Our son was around 13. I don’t
remember what had happened, but I was using the occasion to teach a valuable ‘life
lesson.’ Adam turned to me suddenly and interrupted. “Dad, why does everything
have to be a teaching opportunity for you?”
He caught me off guard and made me
laugh. I hadn’t started out in fatherhood to be Ward Cleaver, but I guess I
just kind of evolved into the Beaver’s dad. I am, however, still the same. It
applies primarily to me. So, with that in mind, I have considered what the recent
events in my life have taught me.
Triple by-pass heart surgery is almost
routine anymore. A lot of people are walking around with the tell-tale scar on
their chest. But when it happens to you, it doesn’t seem so routine. It is
extremely invasive, it is extremely painful and it is extremely personal. The
first thing I learned, I guess, was how my personal ordeal affected those
around me. First in that group were my caregivers.
My nurses in intensive care were
awesome. I was in ICU for a day and a half. I had two nurses during that time,
12 hours on, 12 hours off. They were caring and compassionate ladies. One is to
have a child in September. Both are married. Both are dedicated to the
principles of their careers. Starting with these two ladies, I began to find
out just how deep the pastor thing runs with me. Just a few casual questions
from me and they both began to tell me their hopes and plans and fears of life.

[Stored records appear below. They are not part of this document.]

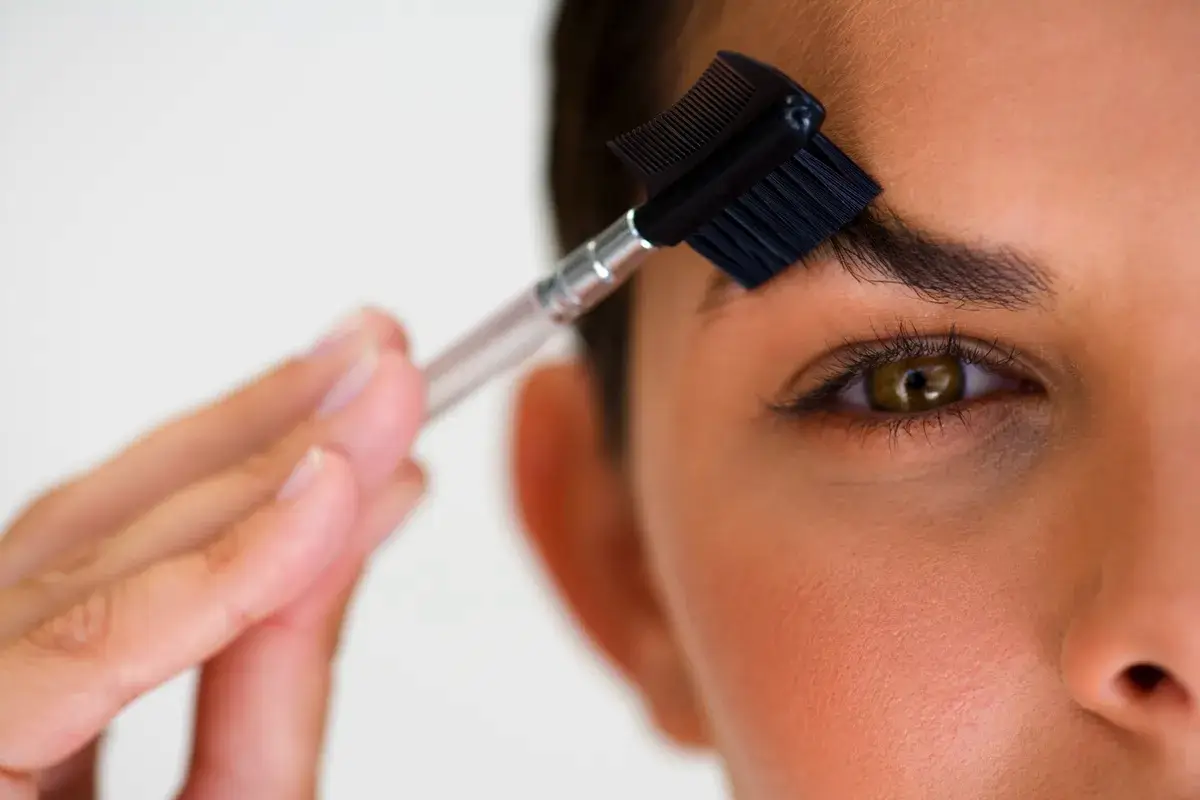 Kako pripraviti domače naravno olje za gostejše obrvi v nekaj tednih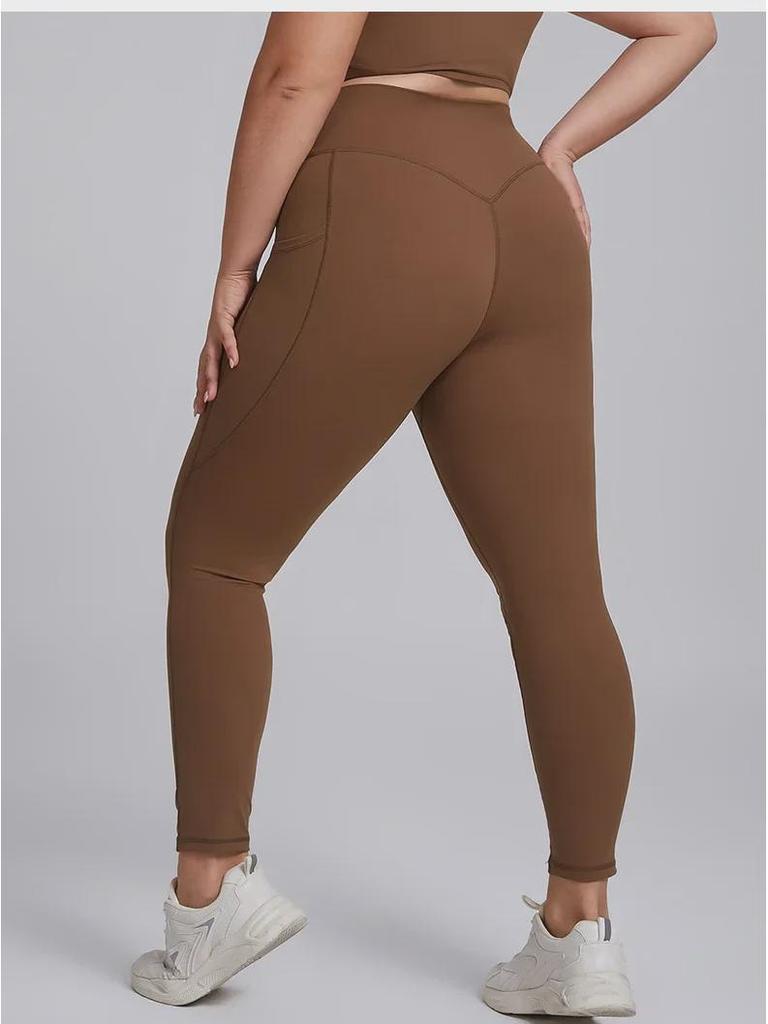 Tuta da Yoga di Alta Gamma Taglie Forti: Abbigliamento sportivo europeo e americano nudo a due pezzi con tasca.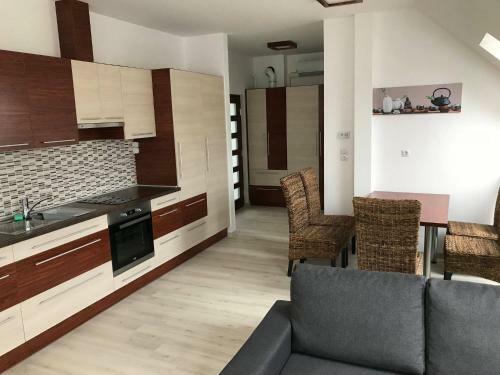 K�lv�ria Apartman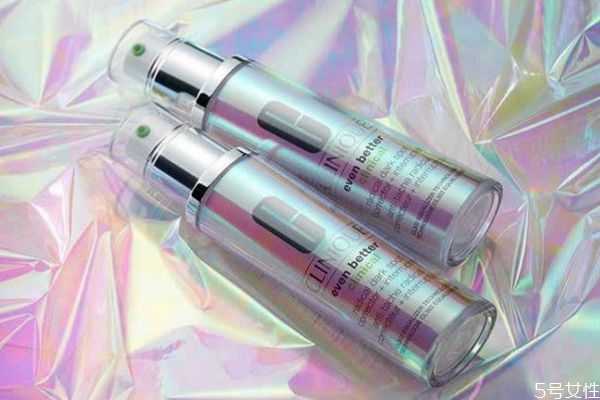 倩碧302美白镭射瓶和彩星精华哪个好？倩碧302美白效果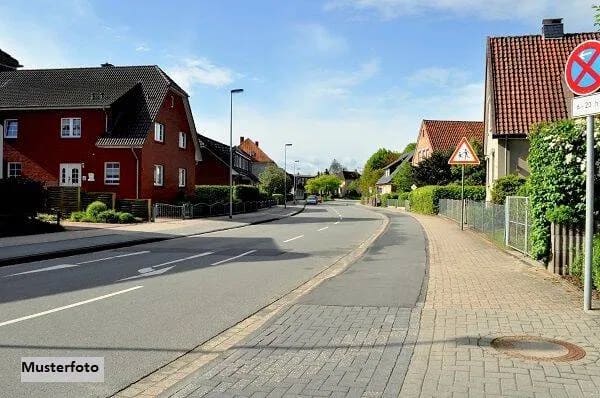 Immobilie in Göttingen - Einfamilienhaus mit Einliegerwohnung in zentraler Lage mit sehr guten Verkehrsanbindungen - Bild 0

One of the ladies apologized to me for going on, but I told her it was OK, this
was what I did and it was very important to me to do it right then. Before I
left ICU I got to pray with both ladies. Once I was in step-down, they both
made it a point to pop in on me.
My nurses in step-down were another
story. Marsha even has one she would like to meet in a dark ally. These were
the nurses to who triple by-pass is routine. Mostly, they just didn’t have that
compassionate gene in them. One walked in early one morning and introduced
herself. “Just so we understand each other, I’ve been doing this for 24 years
and I am doing it for the 401K.” We talked a bit and laughed about something
and she really was a good nurse with a sense of humor. But the others, just
putting in their hours. Until my last day and a half. For 24 of those 36 hours
I had Sabrina, who was great. However, while the nurses were not impressive in
step-down, the aides were amazing. These are young people, male and female, who
are in nursing school and are working as aides for school credit and for a
paycheck. There were two of these young people who I worry may not make it as
nurses. They have too much compassion, too much caring. They worry. A nurse has
to be able to walk out of a room and leave that patient behind and go on to the
next. But, they were almost too involved.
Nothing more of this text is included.